Chi è contrario a questa legge è in verità un sostenitore più o meno occulto della Gpa: parlano di ostruzionismo miope e testardo alla naturale tendenza dell’uomo verso la genitorialità o di un provvedimento contro le coppie omosessuali. Nulla di tutto questo: dal mio punto di vista l’obiettivo del testo appena approvato dal Parlamento non è quello di legiferare “contro” qualcuno, ma di colpire la gestazione per altri, una pratica intollerabile, a prescindere dal fatto che venga praticata per coppie eterosessuali piuttosto che omosessuali.
Naturalmente non sono i bambini a dover pagare il prezzo di tutto questo. Questa legge, come tutta la legislazione penale, non ha ovviamente valore retroattivo. Al contempo bisogna chiarire che la strada per tutelare l’interesse del bambino nato da maternità surrogata è quella indicata oramai da anni dalla magistratura, cioè l’adozione in casi particolari, che consente l’adozione di minori a prescindere dal loro stato di abbandono.
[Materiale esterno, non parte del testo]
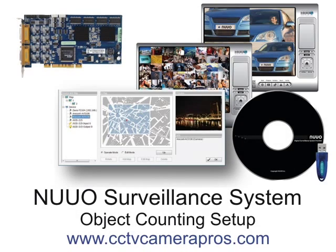Welcome to CCTV Camera Pro's video instruction series. In this video, we will demonstrate how to set up and use the object counting application built into Nuo Surveillance Systems. The object counting application is used in this demo to count people going in and out of a building.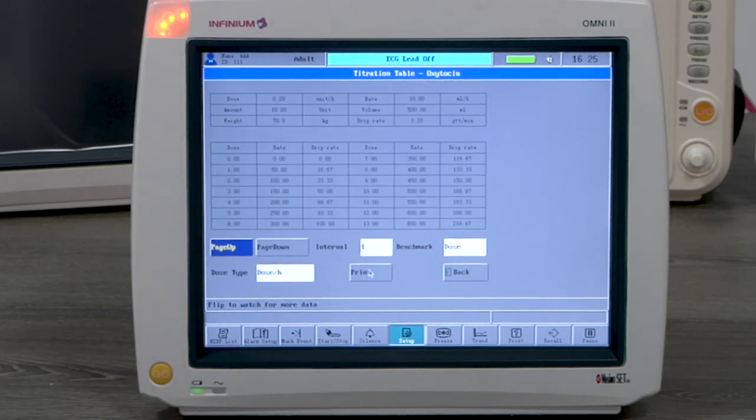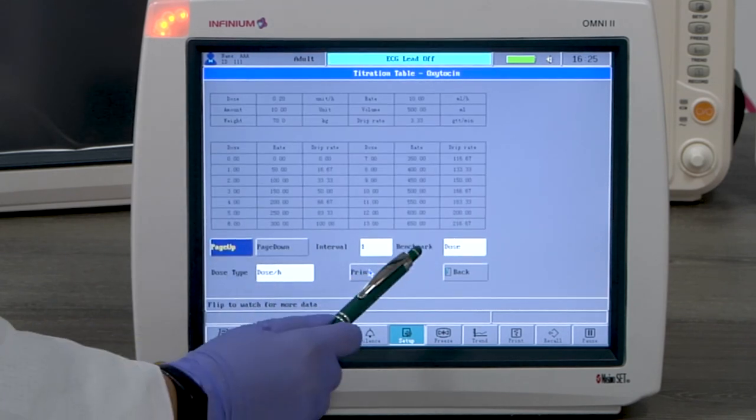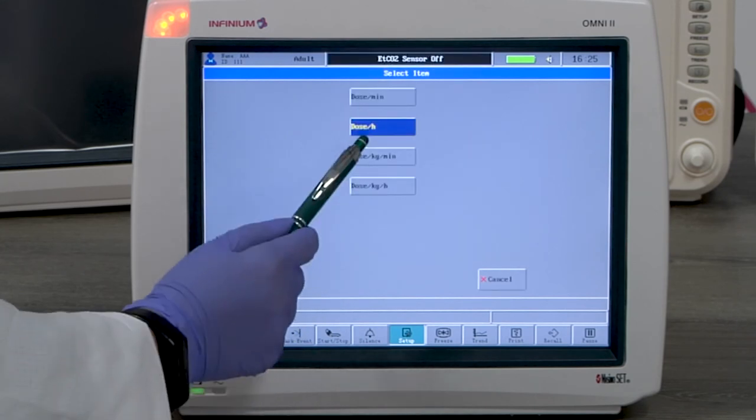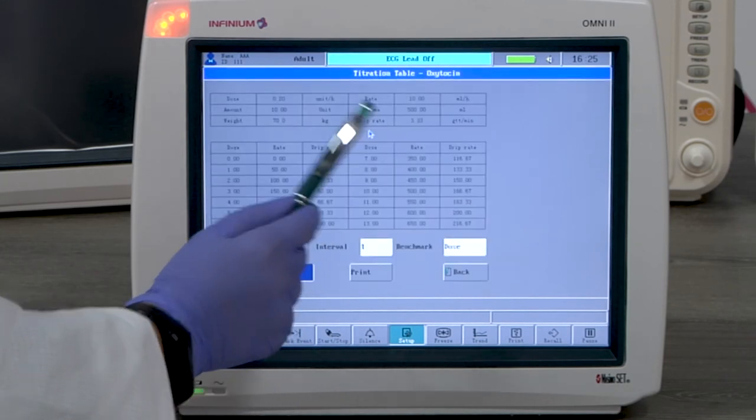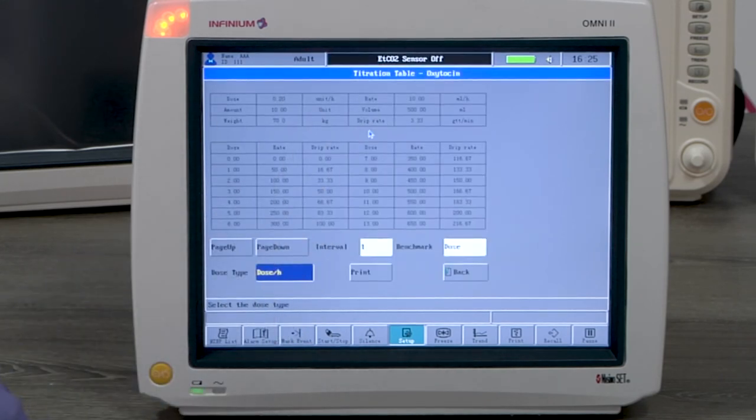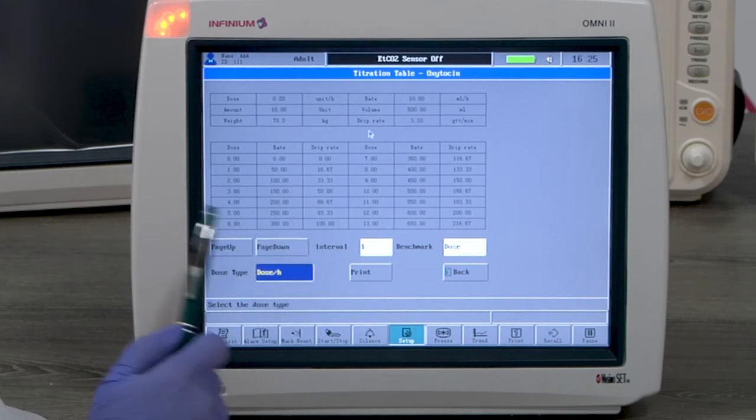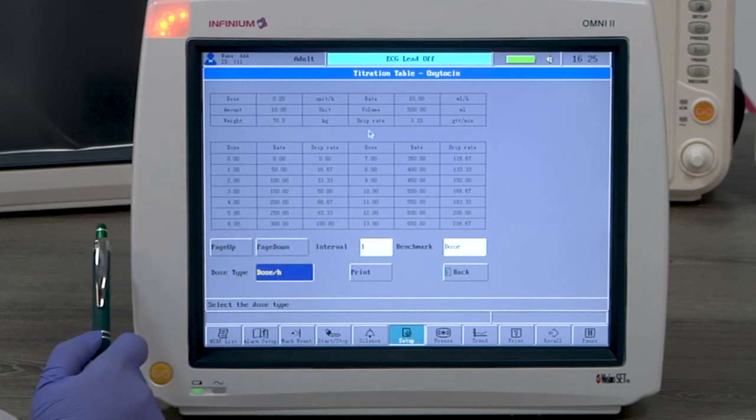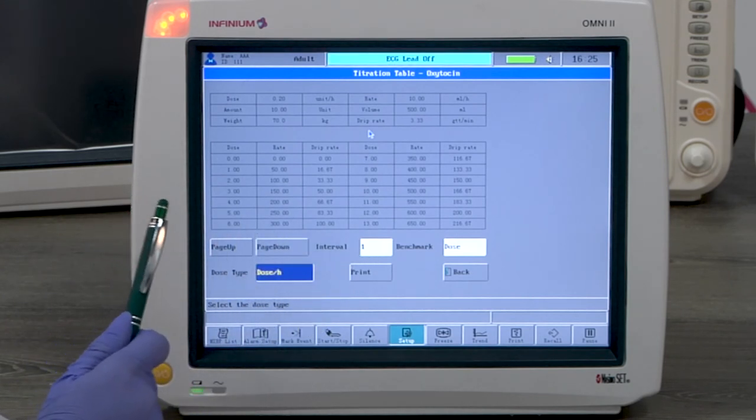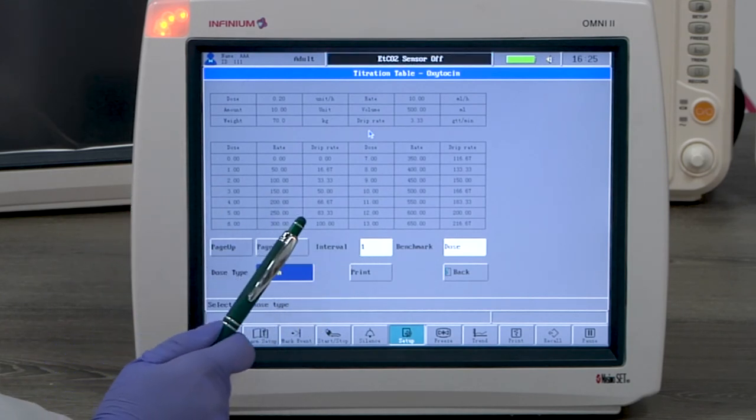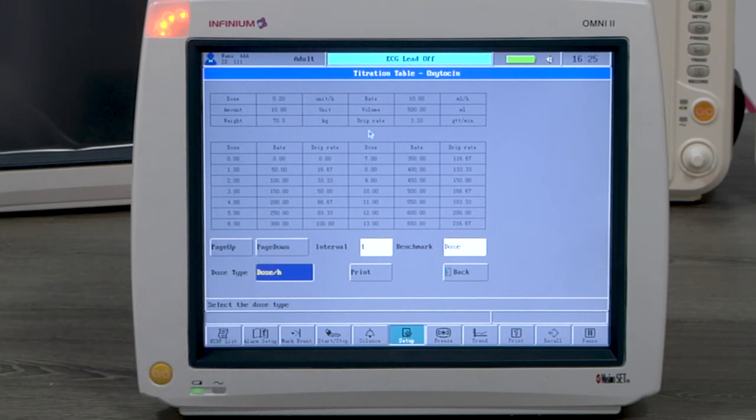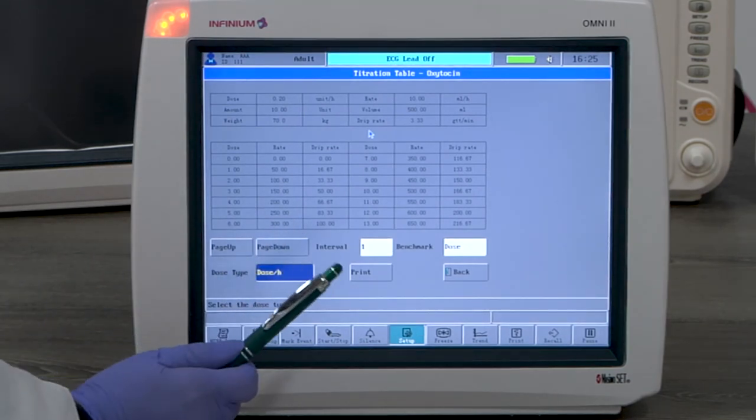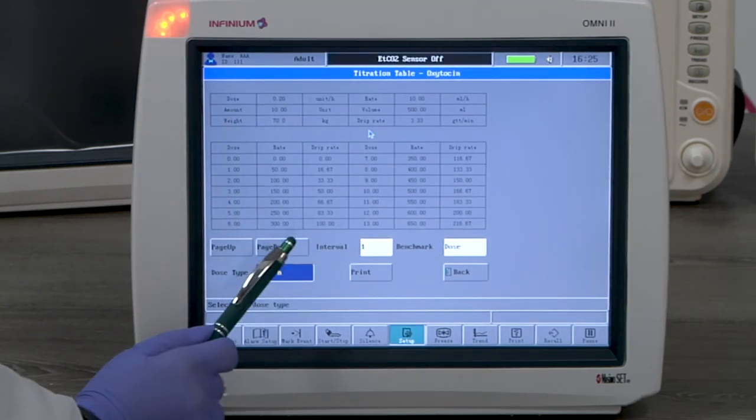Here you can select the benchmark, the interval, and the dose type. We have selected dose type as dose per hour. This chart lists the value of rate and drip rate under different dosages per hour. Select page down to see more results.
Spero che questa legge abbia un reale effetto di deterrenza su un fenomeno che va contrastato in ogni modo. E anche alla luce della direttiva Ue, che include la gestazione per altri nei reati collegabili al traffico di esseri umani, mi piace pensare che questa norma possa diventare sempre più un modello da esportare in altri Paesi. Sarebbe un segnale importante. Un passo avanti verso la tutela e la promozione, a livello internazionale, dei diritti fondamentali delle donne e dei bambini.
Esiste, infine, il grande tema delle adozioni. Sono tantissimi i minori, orfani o allontanati dai genitori, in attesa di una nuova famiglia. Bisogna lavorare per riformarne l’iter, snellendo la burocrazia e riducendo i tempi delle procedure. Tocca al Parlamento, in maniera trasversale, oltre ogni appartenenza politica, dare un contributo significativo su un tema così delicato che riguarda la vita di tante famiglie e spero che lo si possa fare presto.